Of course, all this is only relevant for the revived language because of the insistence of revivalists on a fifteenth century, or perhaps in reality thirteenth century, base. By 1700 only three unrounded front vowels accounted for the vast majority of such words and there is less of a problem.

The simple and more elegant alternative – to base revived Cornish on the most recent historic phase – must not be allowed to rear its head however. In this article the aura of scientific detachment masks an ideological naivete and lack of reflexiveness that has become a familiar trope within the Cornish language movement. Occasionally it peers out from the undergrowth of technical language and statistical sophistication. For instance, he reports that ‘in an attempt to reduce the chronic strife between these (Late or Modern Cornish users) and the majority, a new “political” orthography was introduced’, as if there were orthographies that aren’t ‘political’.

In any case the politics of this particular ‘political’ orthography would appear to have worked to the advantage of medieval Cornish. These days, the late variants of the SWF are comprehensively ignored or excluded rather than given the ‘equal’ status that was part of the original SWF agreement. Ken George might also reflect on the fact that in his Table 34 in this article all the spellings of the SWF (Middle variant) are identical to those of Kernewek Kemmyn. The SWF(M) is actually KK-lite and both are effectively based on a Cornish last spoken around 1300.

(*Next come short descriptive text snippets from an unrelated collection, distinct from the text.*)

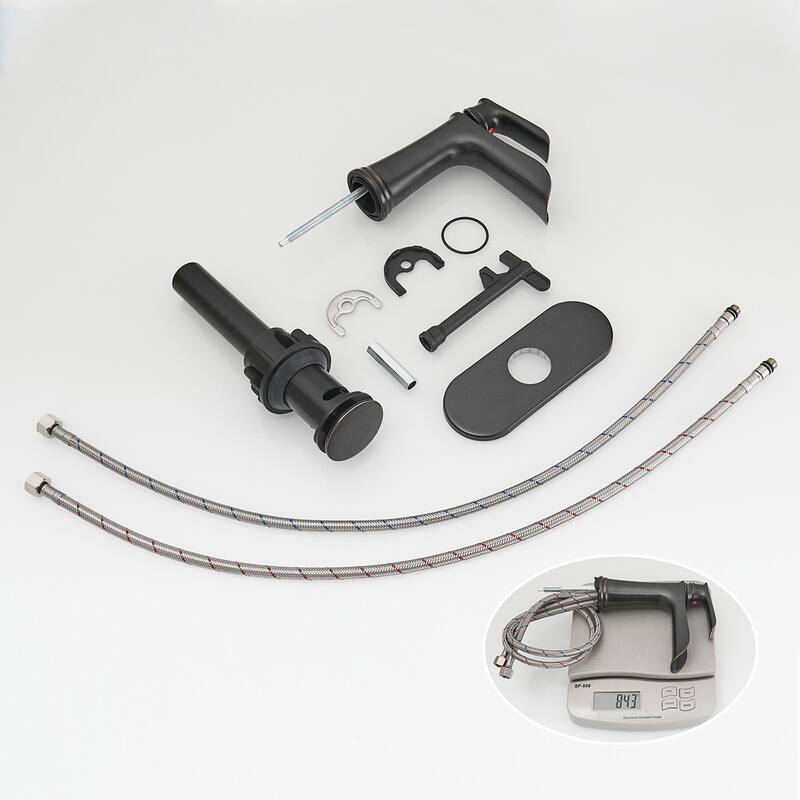 Topcraft Single Handle Waterfall Bathroom Faucet with Baseplate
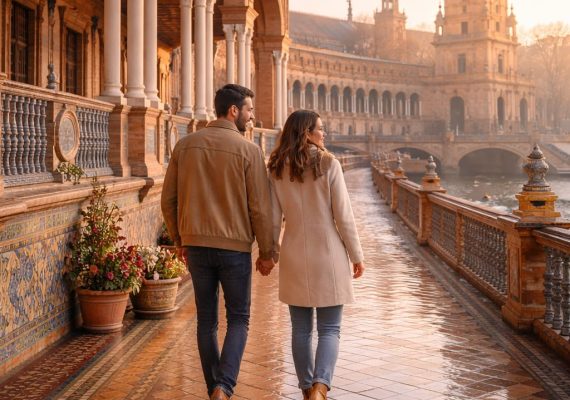 Plaza de España en enero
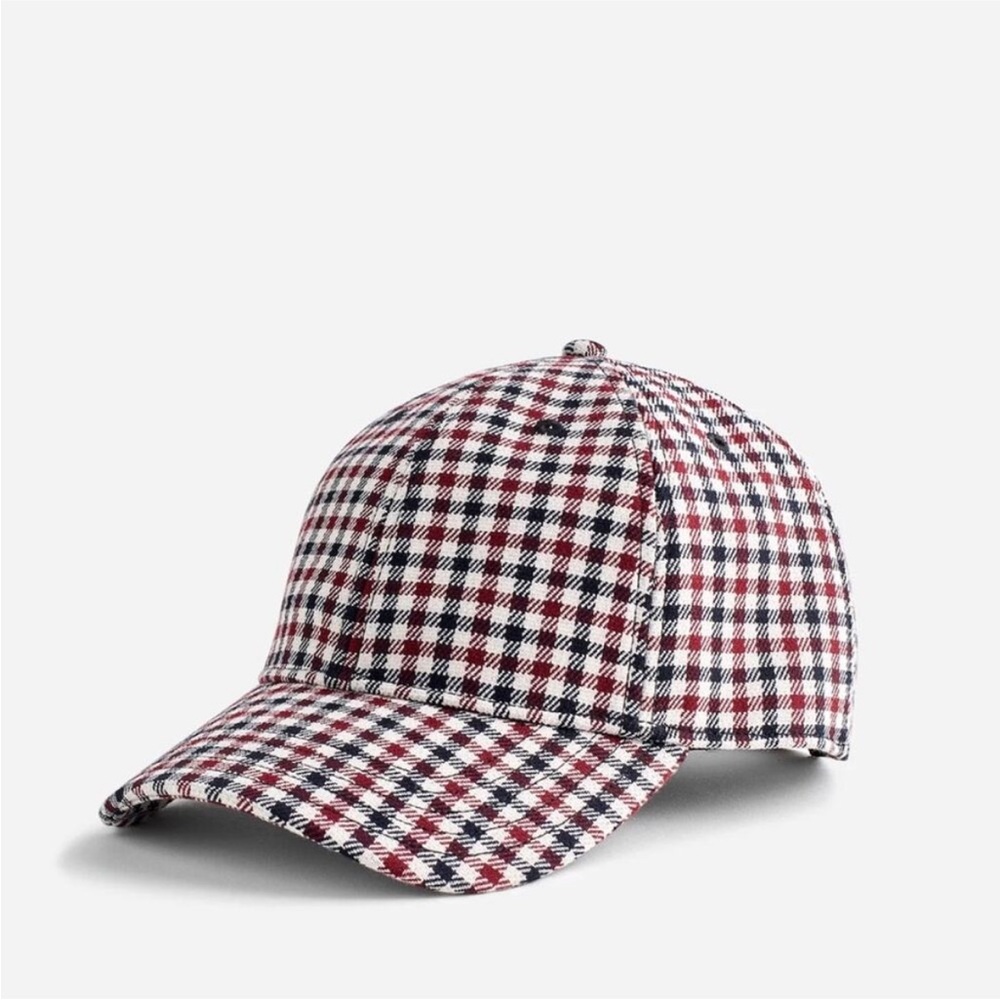 Madewell Checkered Hat - Red, Black, White NWT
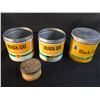 Image 2 : COLLECTION OF 4 VINTAGE BLACK CAT TOBACCO/CIGARETTE CONTAINERS
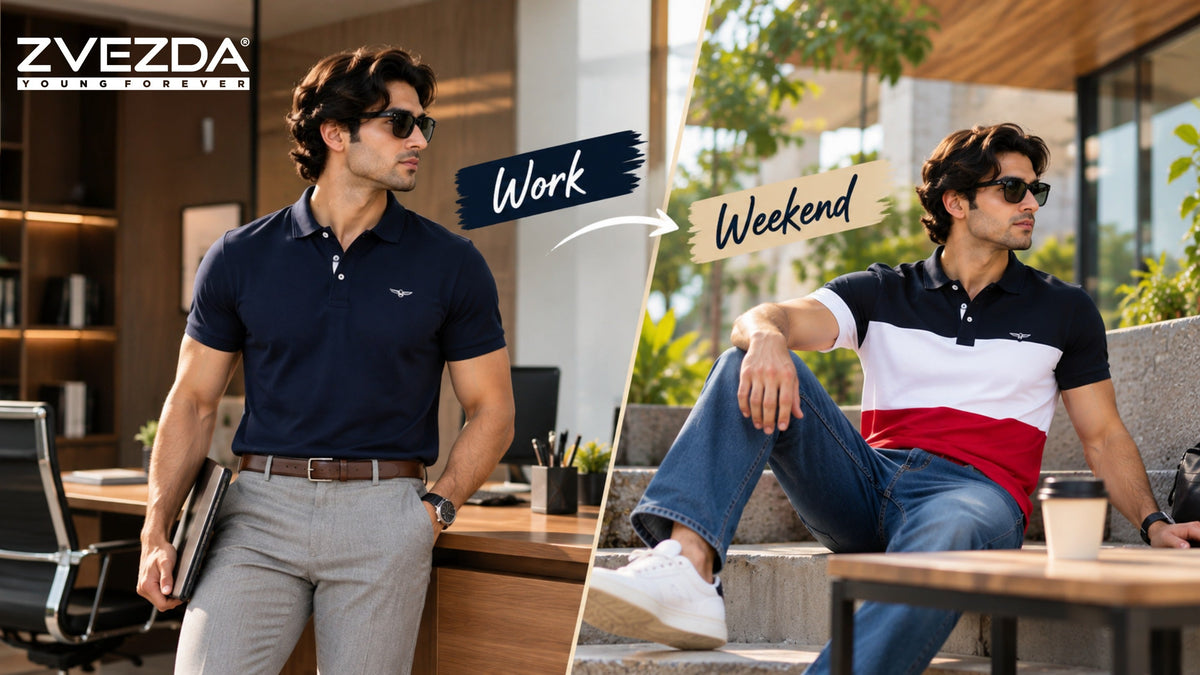 How to Style Polo T-Shirts for Office and Weekend Plans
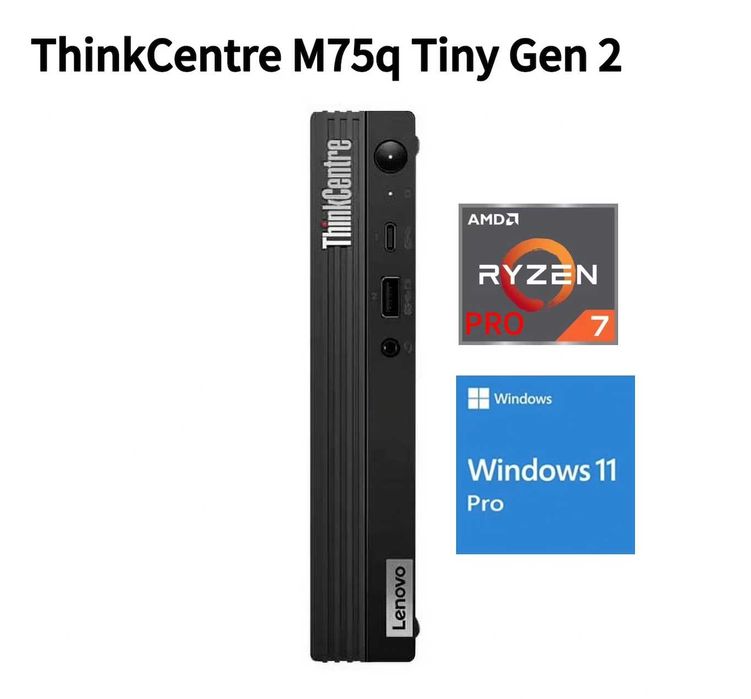 Lenovo ThinkCentre M75q Tiny Gen 2 Ryzen™ 7 PRO 5750GE 32GB DDR4 3200 500 SSD
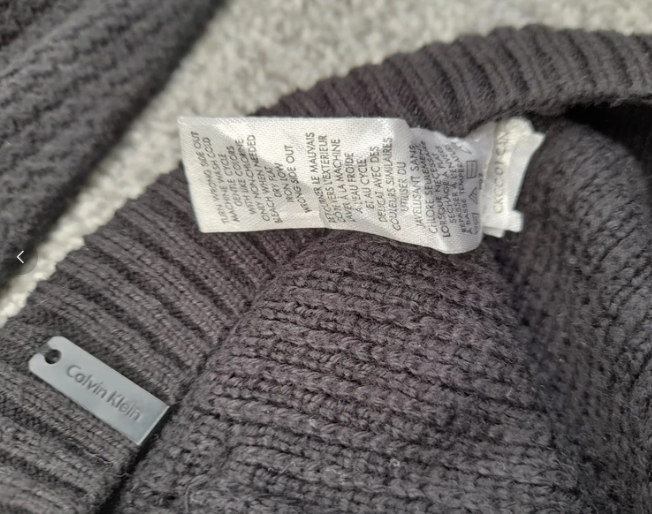 Calvin Klein Men Black Zip-Up Knit Sweater Medium image 8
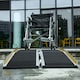 image 9 of HOMCOM Folding Aluminium Wheelchair Ramp 152x73cm 272KG Capacity for Home
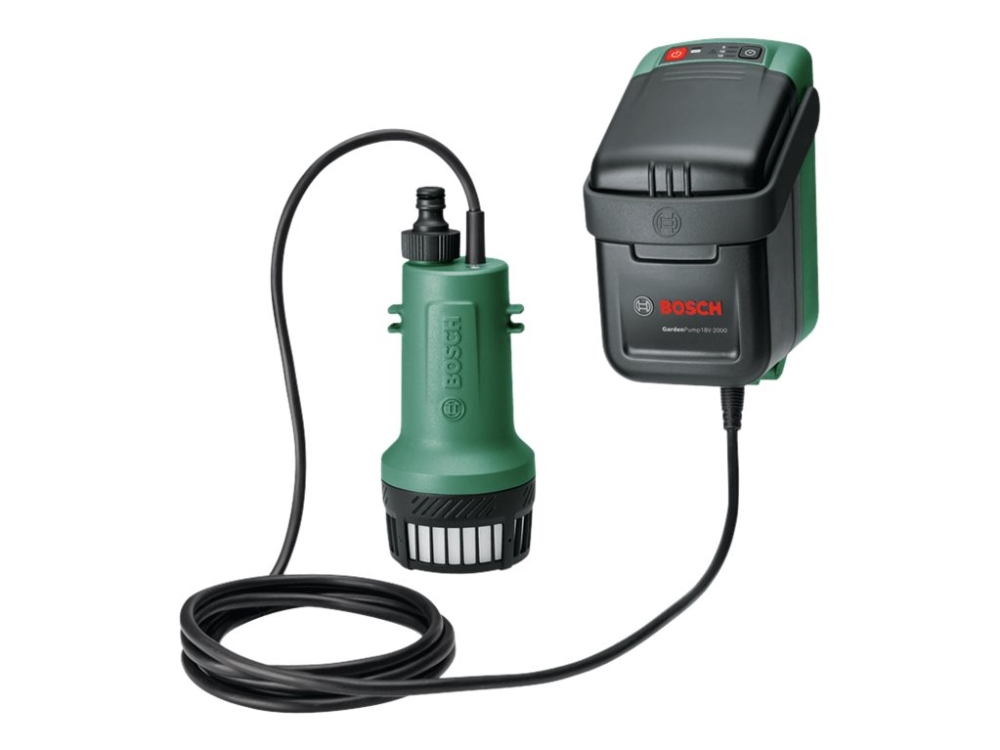 Bosch GardenPump18V-2000 (1x2.5Ah), Akku, 2000 l/h, Musta, Vihreä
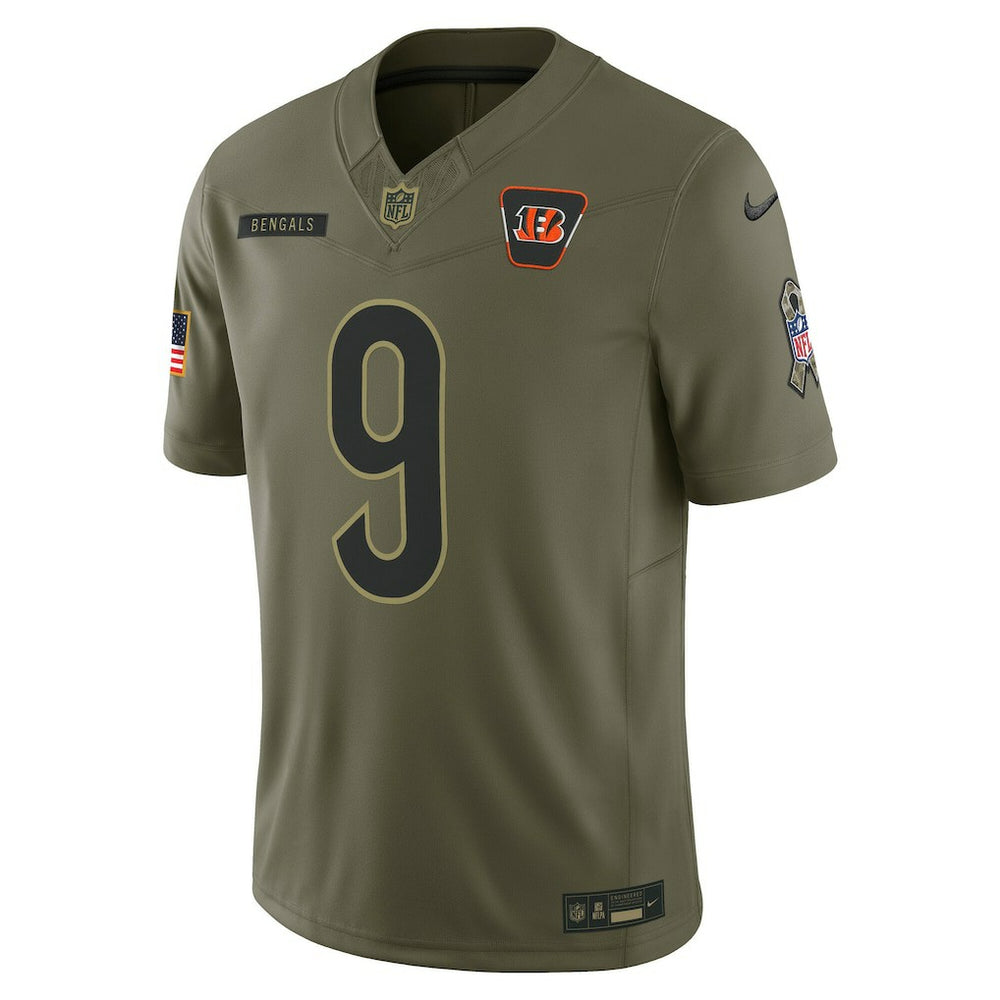 NFL Cincinnati Bengals Joe Burrow  2025 Salute to Service Limited Jersey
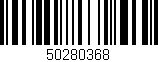 Código de barras (EAN, GTIN, SKU, ISBN): '50280368'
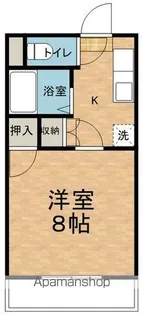 ビックソルトヒルB【205号室】の間取り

This early medieval basis for revived Cornish is even more bizarre when we consider the number of neologisms and lexical inventions that litter the revived language as it seeks to mimic living vernacular languages. Taking six pages of the Gerlyver Meur at random we find that 44% of the 118 words were not actually attested in the texts. Revived medieval Cornish is fine as a hobby but the tendency to date historical changes to much later periods plus the necessarily high proportion of neologisms combined with an excessive resort to subjective purism in lexical choice means it has little connection to historical Cornish – of any phase.